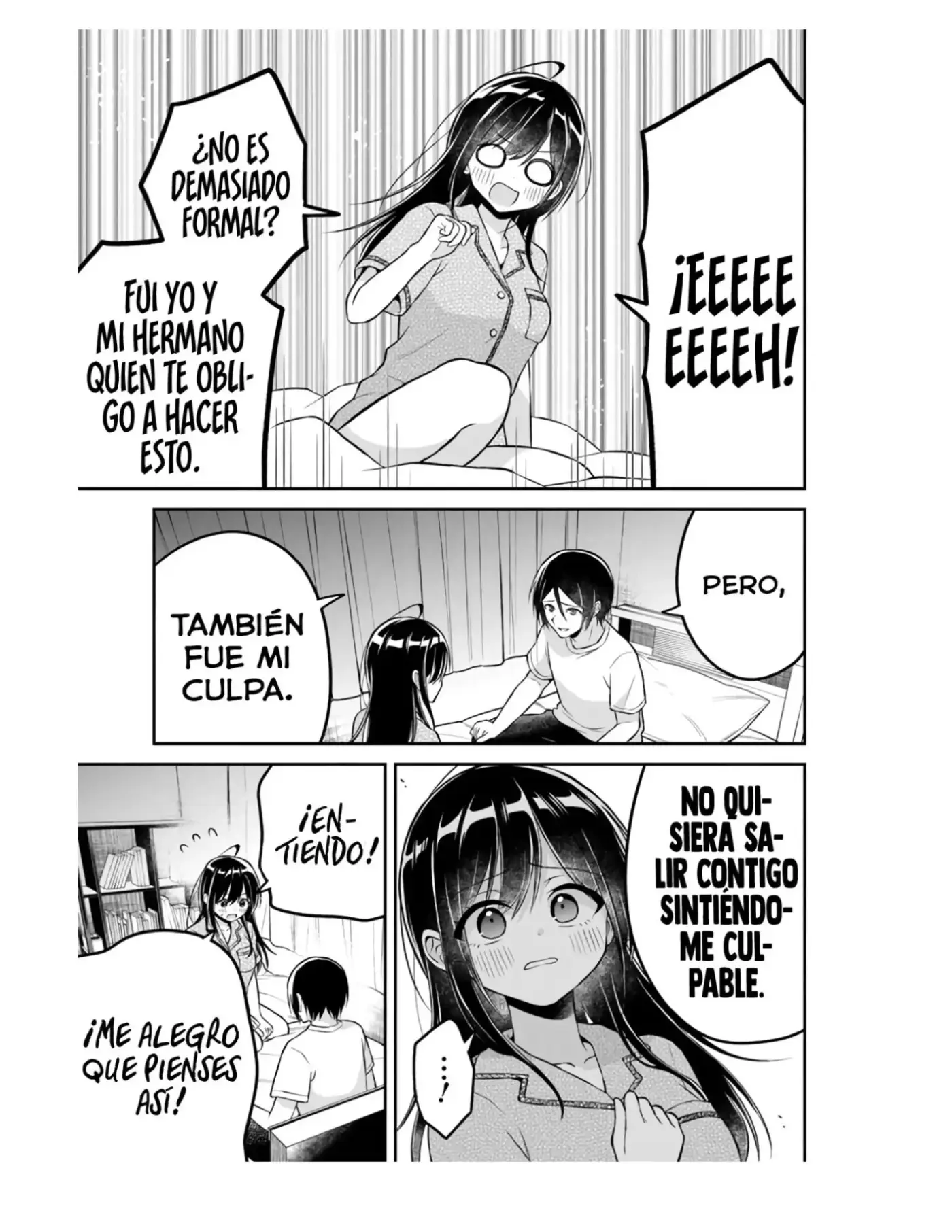 Yuujin ni 500-en Kashitara Shakkin no Kata ni Imouto wo Yokoshite kita no dakeredo, Ore wa Ittai dousureba iindarou - Capítulo 16 - Página 6 - LectorTMOo
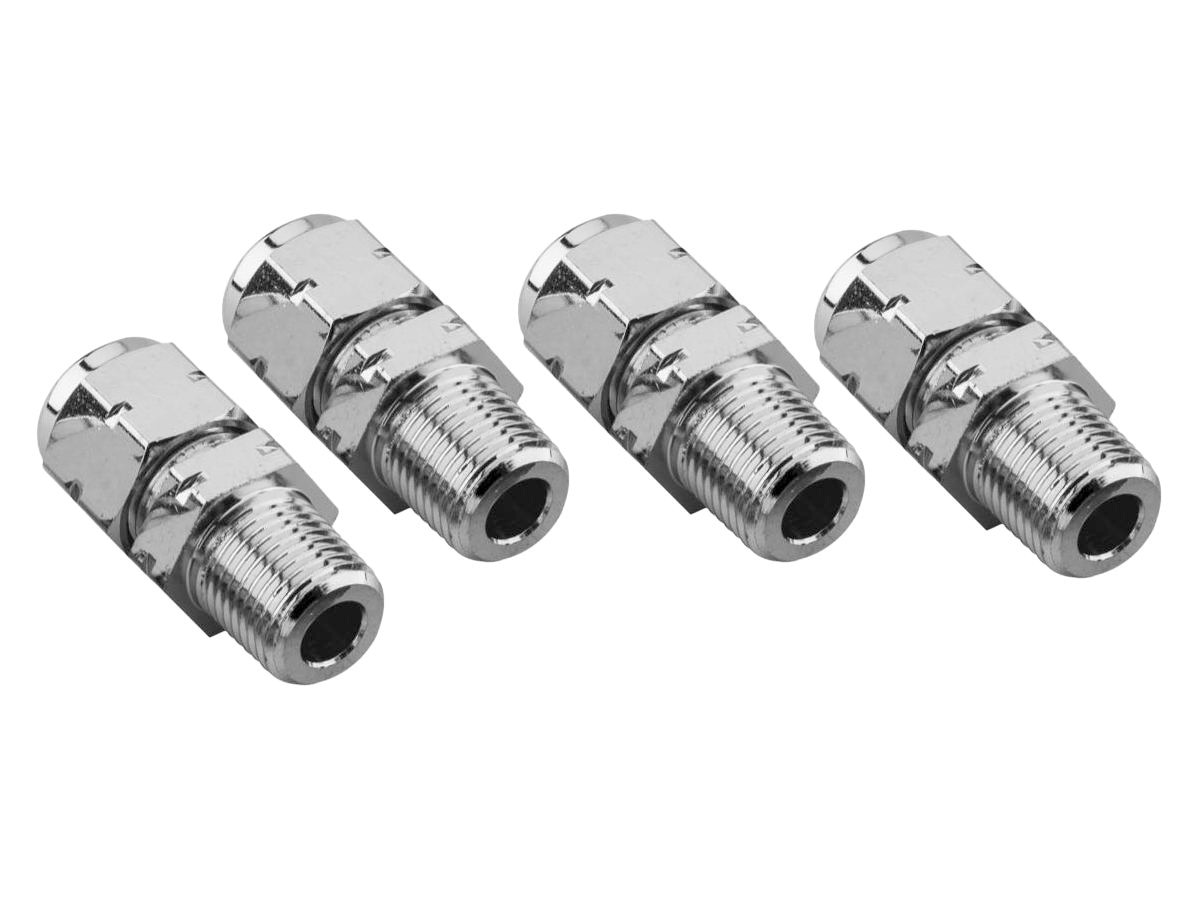 Fuel line AN fittings Designed for Maximum Flow and Durability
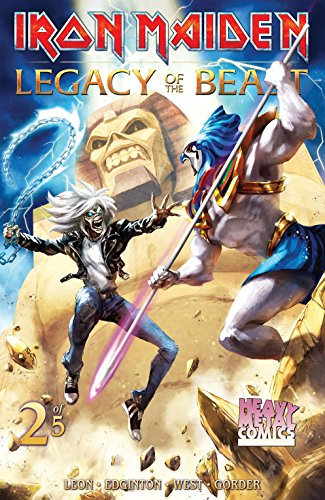 Iron Maiden: Legacy of the Beast #2 (of 5) (English Edition)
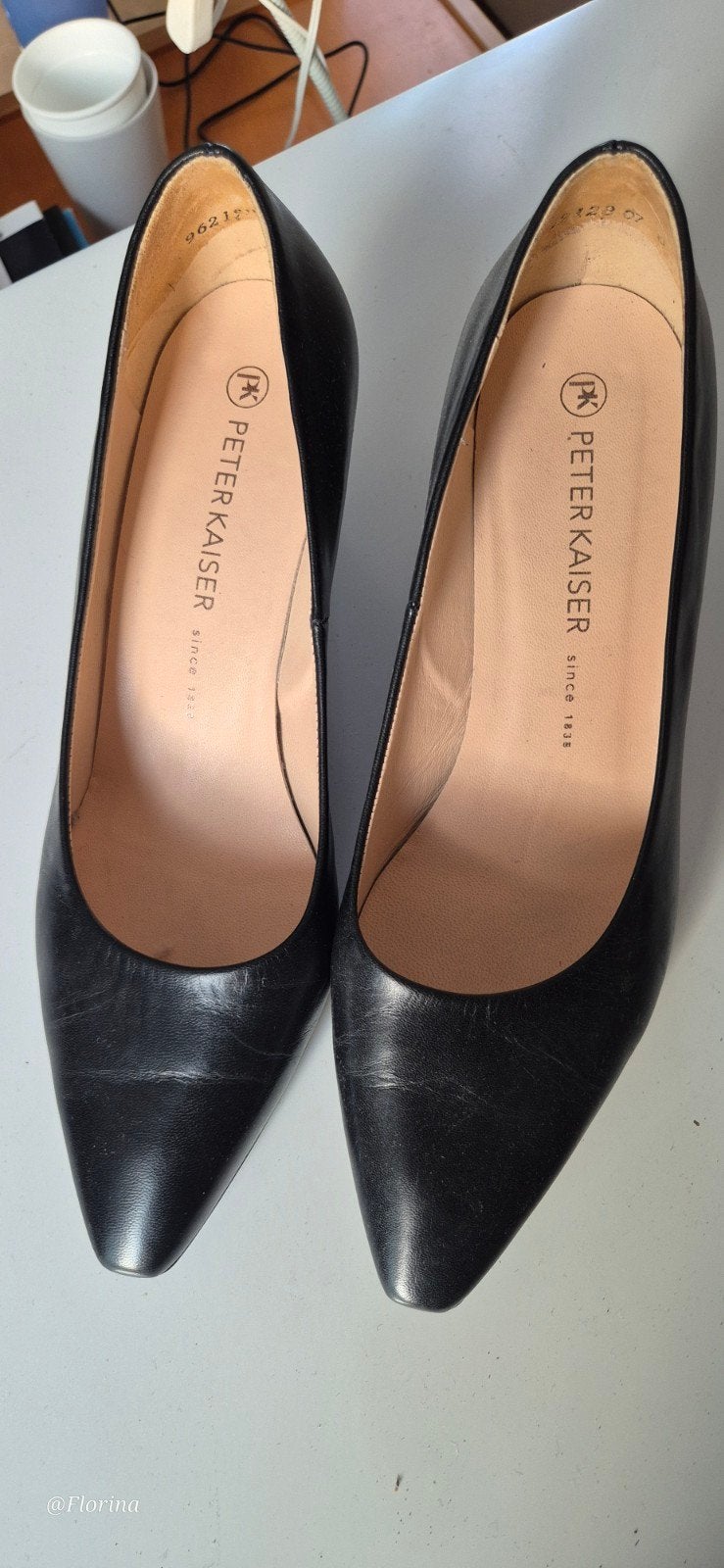 Peter Kaiser pumps - Zwart - Maat 40, Kleding | Dames, Schoenen, Peter Kaiser, Pumps, Zwart, Ophalen of Verzenden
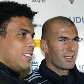 FUTEBOL/ZIDANE/RONALDO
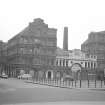 Glasgow, 26-42 Bain Street, Clay Pipe Factory
General view from SE showing ESE front and part of SSW front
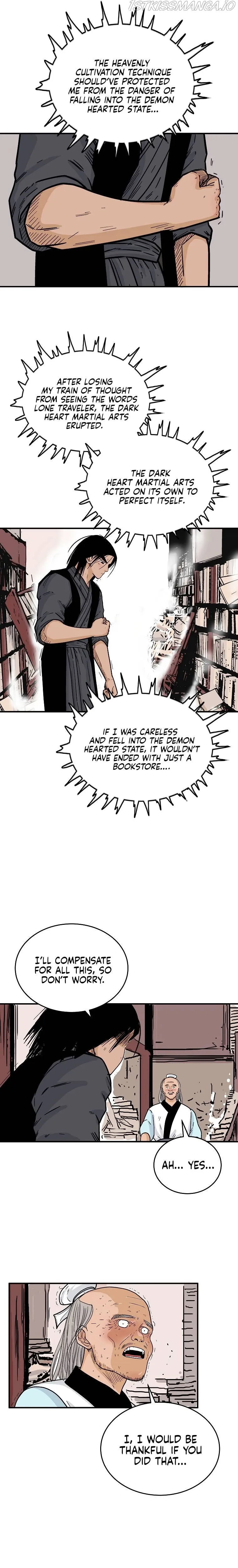 Read Fist Demon of Mount Hua EN Manga Online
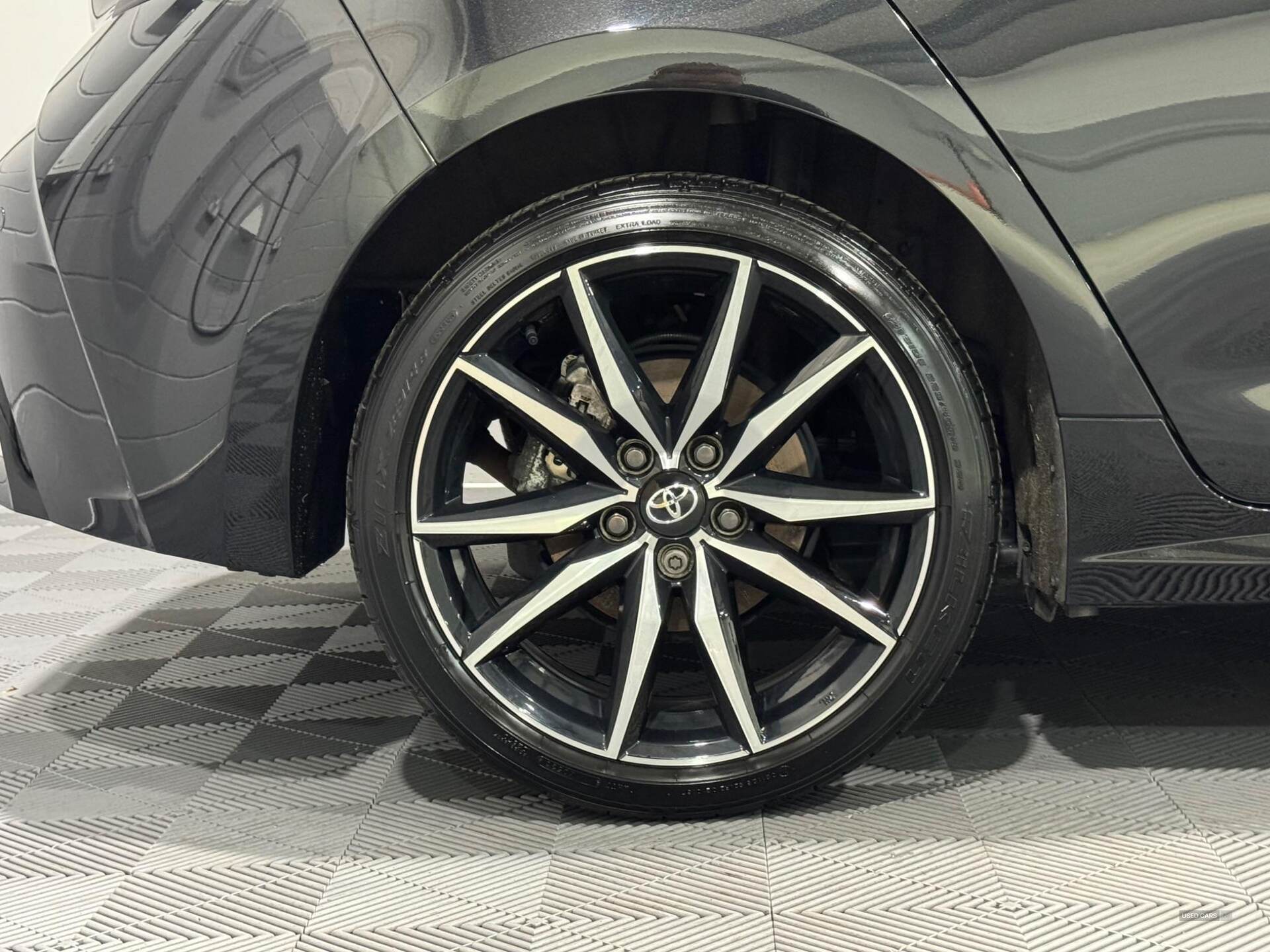 Jun 2023 Toyota Corolla 1.8 Hybrid GR Sport 5dr CVT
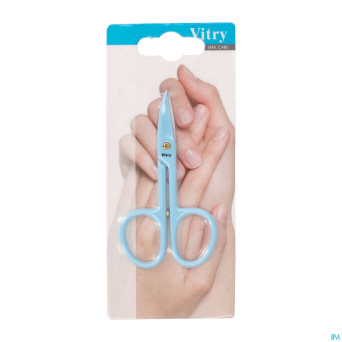 Vitry classic ciseaux ongles crabe monocolor 1008c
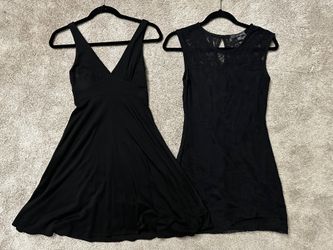 Forever 21 Black Dresses Size Small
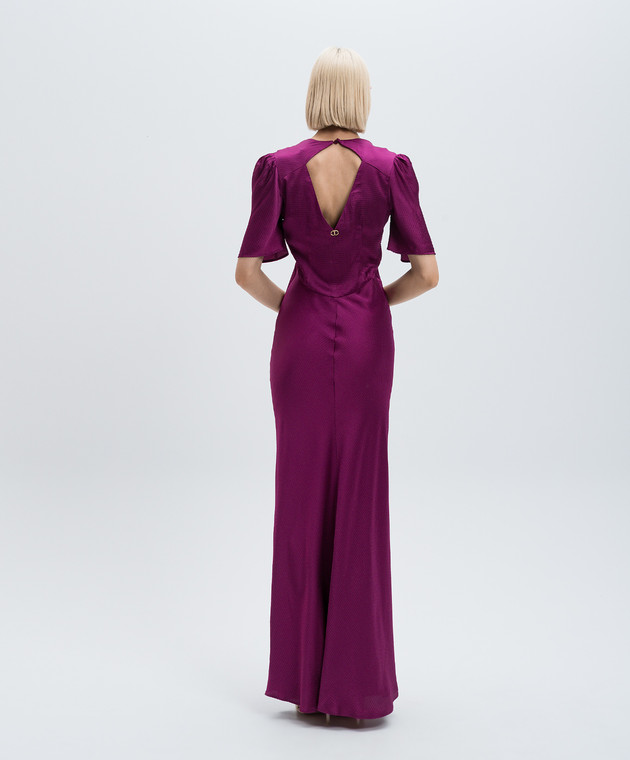 Twinset - Pink logo maxi dress 242TP2475 - shop with Ireland delivery at  Symbol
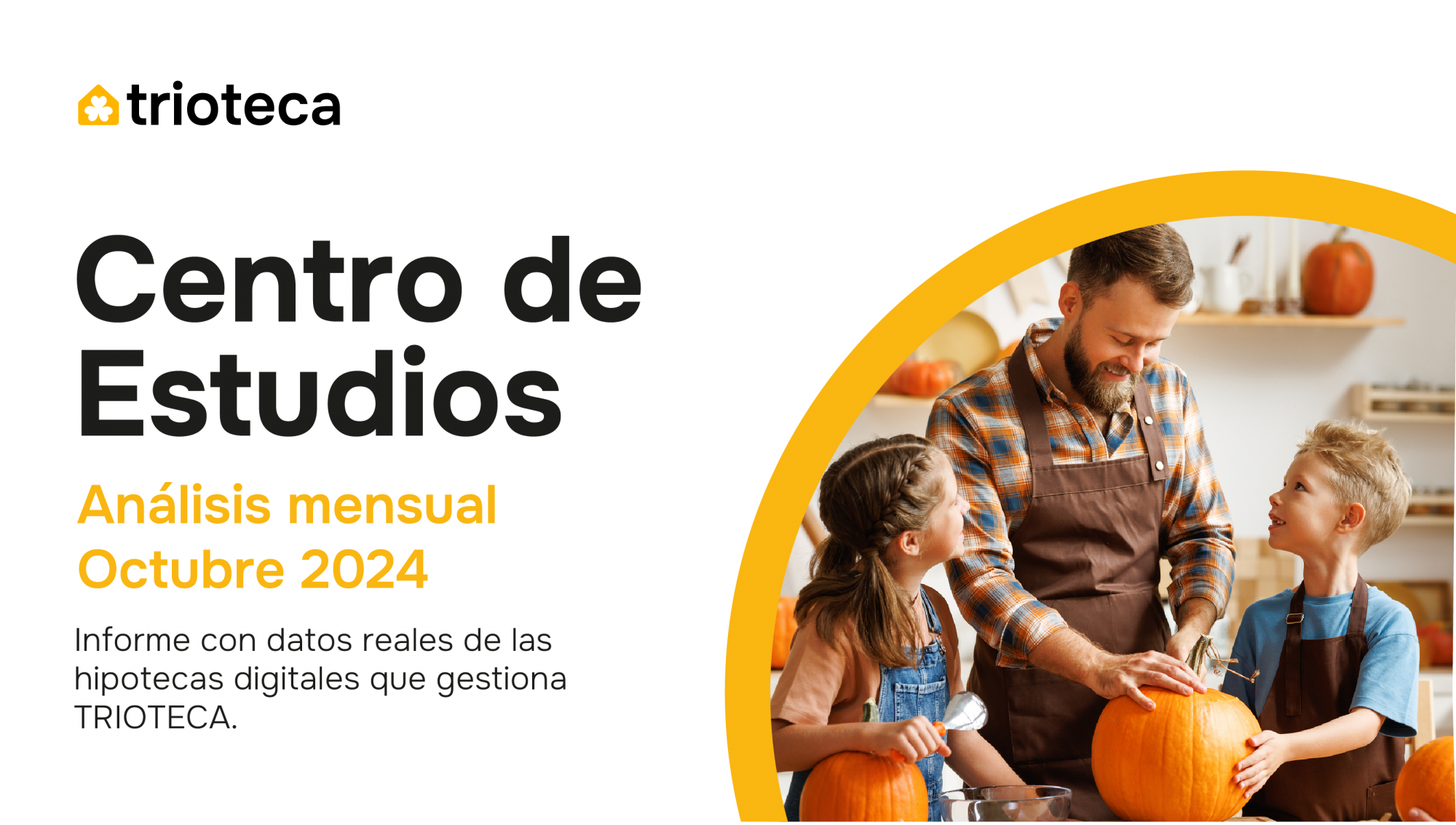 Ocho de cada diez hipotecas formalizadas en octubre se firmaron a tipo fijo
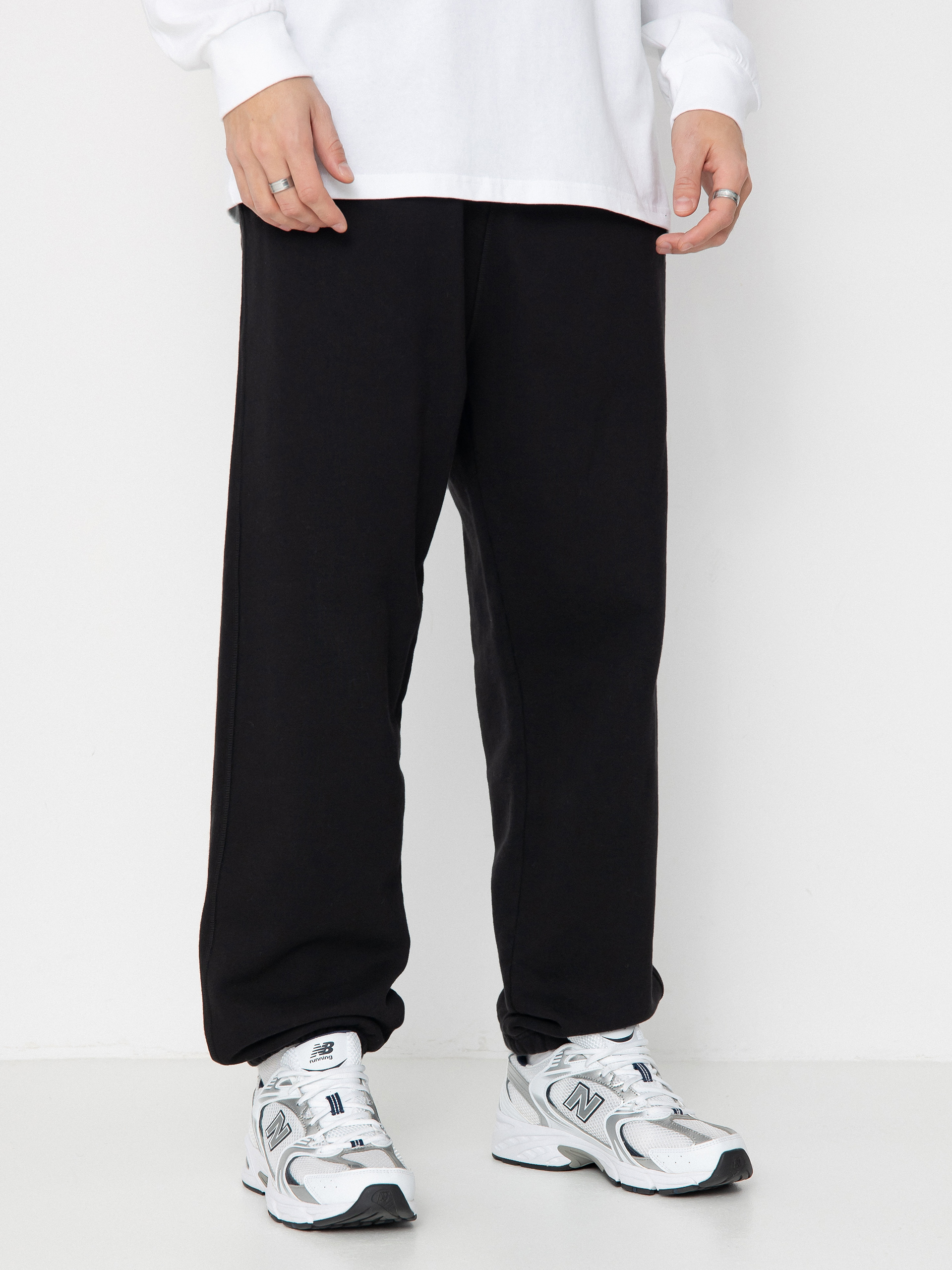 Nohavice Polar Skate Frank Sweatpants (black)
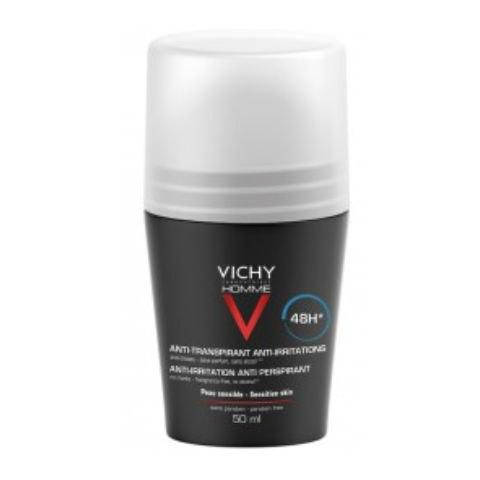 

Шариковый дезодорант-антиперспирант для мужчин Виши 48 ч Vichy Homme Anti-Perspirant 48 H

○ ○ ○ ○ ○

In the copy, include every line of the records exactly and none of the images.

 Yuujin ni 500-en Kashitara Shakkin no Kata ni Imouto wo Yokoshite kita no dakeredo, Ore wa Ittai dousureba iindarou - Capítulo 16 - Página 6 - LectorTMOo
 Fuel line AN fittings Designed for Maximum Flow and Durability
 Iron Maiden: Legacy of the Beast #2 (of 5) (English Edition)
 Peter Kaiser pumps - Zwart - Maat 40, Kleding | Dames, Schoenen, Peter Kaiser, Pumps, Zwart, Ophalen of Verzenden
 FUTEBOL/ZIDANE/RONALDO
 Glasgow, 26-42 Bain Street, Clay Pipe Factory
General view from SE showing ESE front and part of SSW front
 Read Fist Demon of Mount Hua EN Manga Online
 Jun 2023 Toyota Corolla 1.8 Hybrid GR Sport 5dr CVT
 Vitry classic ciseaux ongles crabe monocolor 1008c
 Forever 21 Black Dresses Size Small
 Twinset - Pink logo maxi dress 242TP2475 - shop with Ireland delivery at  Symbol
 Ocho de cada diez hipotecas formalizadas en octubre se firmaron a tipo fijo
 Nohavice Polar Skate Frank Sweatpants (black)

Шариковый дезодорант-антиперспирант для мужчин Виши 48 ч Vichy Homme Anti-Perspirant 48 H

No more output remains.